#### EXERCISE GOAL
Give again, unaltered, the line with "Magnet - 4x4.25 Square Corners - 40 Mil" and all lines that follow it in the listing below, minus any pictures.
(DATA FOR THIS EXERCISE)
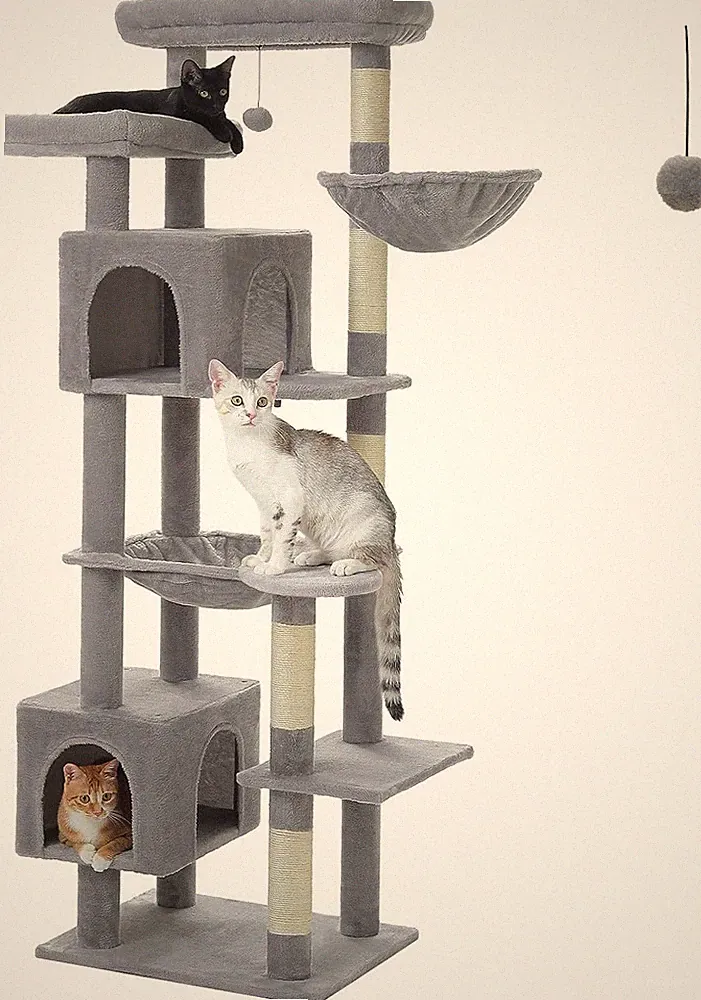 PAWZ Road Kratzbaum XXL Große Katzen Katzenbaum Katzenkratzbaum Spielbaum 175 cm
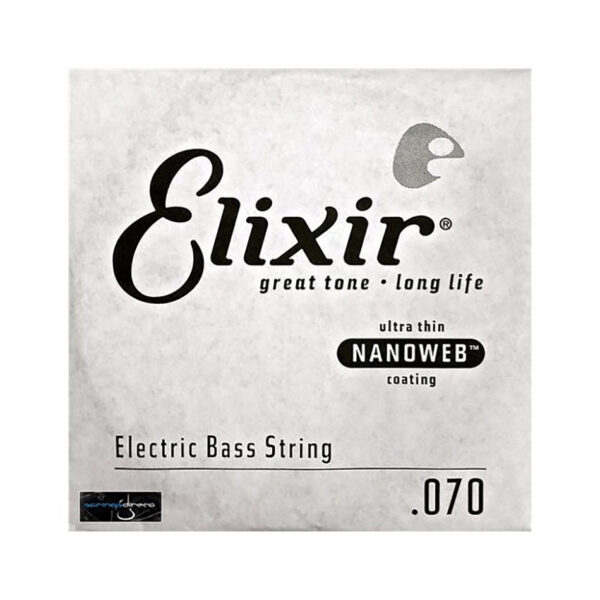 Elixir NANOWEB .070 Single Bass String - Nickel Plated Steel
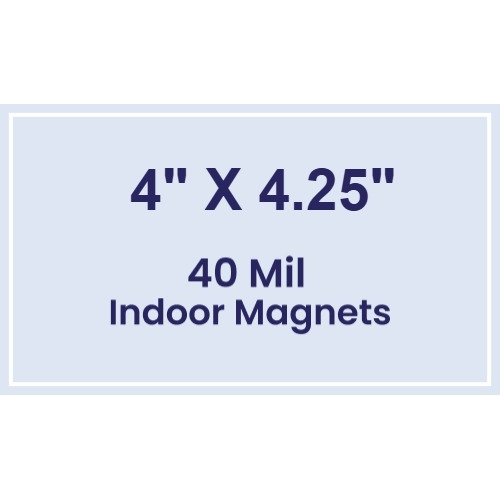 Magnet - 4x4.25 Square Corners - 40 Mil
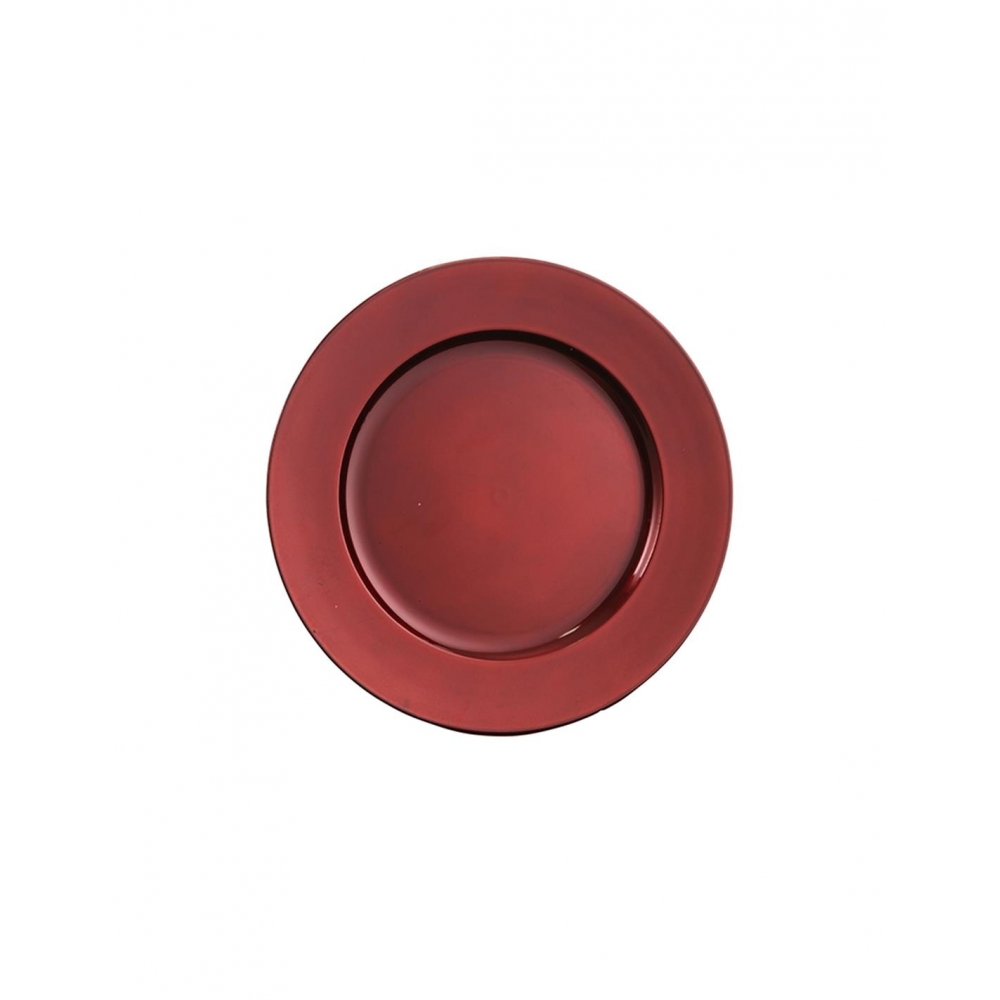 Πιάτο Mila κόκκινο Φ33 Plastona 02.1064205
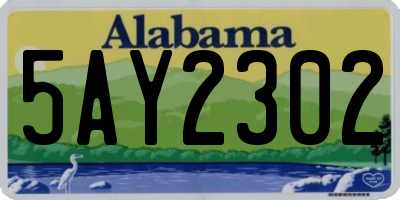 AL license plate 5AY2302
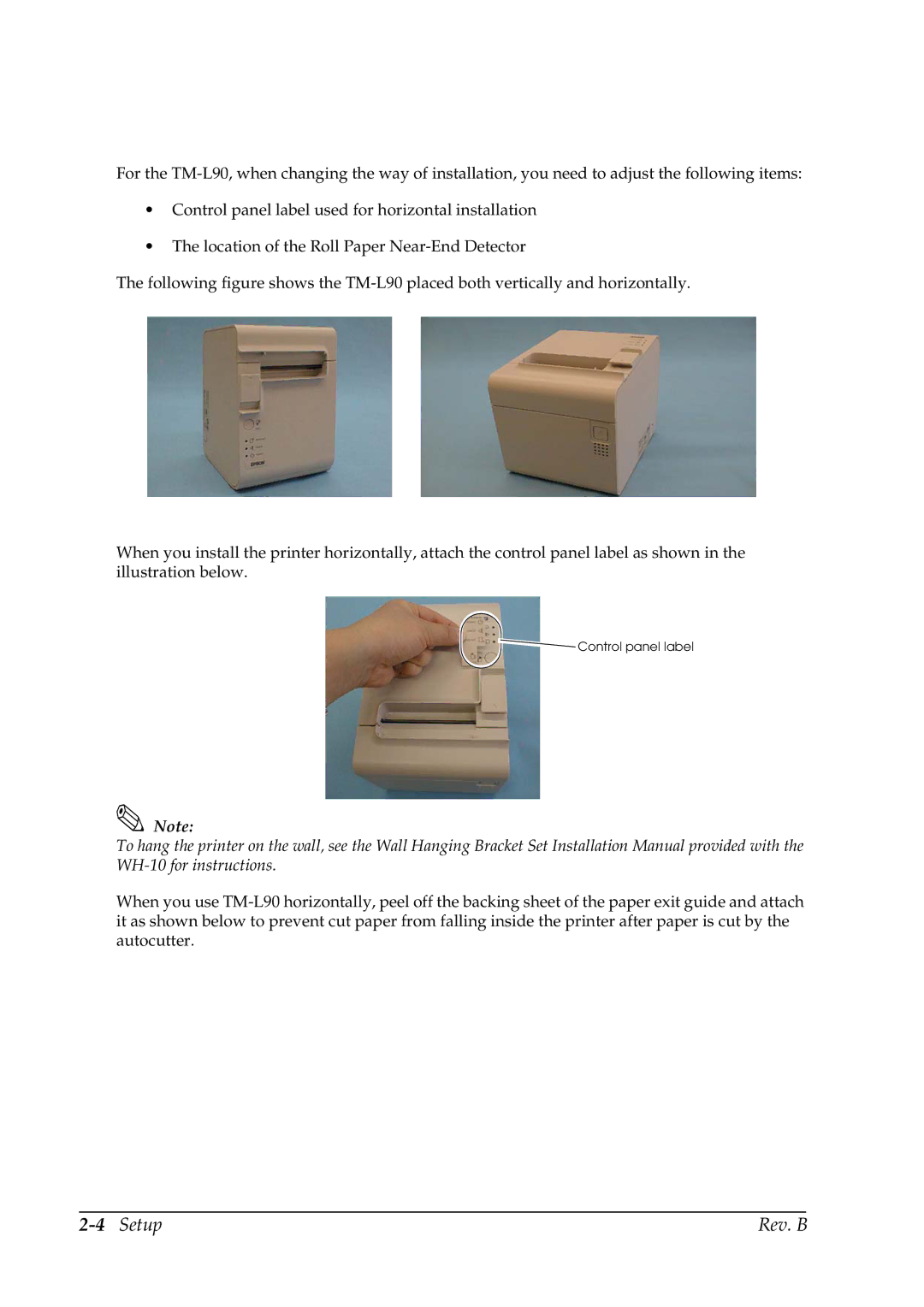 Epson L90 manual 4Setup Rev. B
(End DATA FOR THIS EXERCISE)
#### RESPONSE TO THIS EXERCISE
 Magnet - 4x4.25 Square Corners - 40 Mil
 Πιάτο Mila κόκκινο Φ33 Plastona 02.1064205
 AL license plate 5AY2302
 Epson L90 manual 4Setup Rev. B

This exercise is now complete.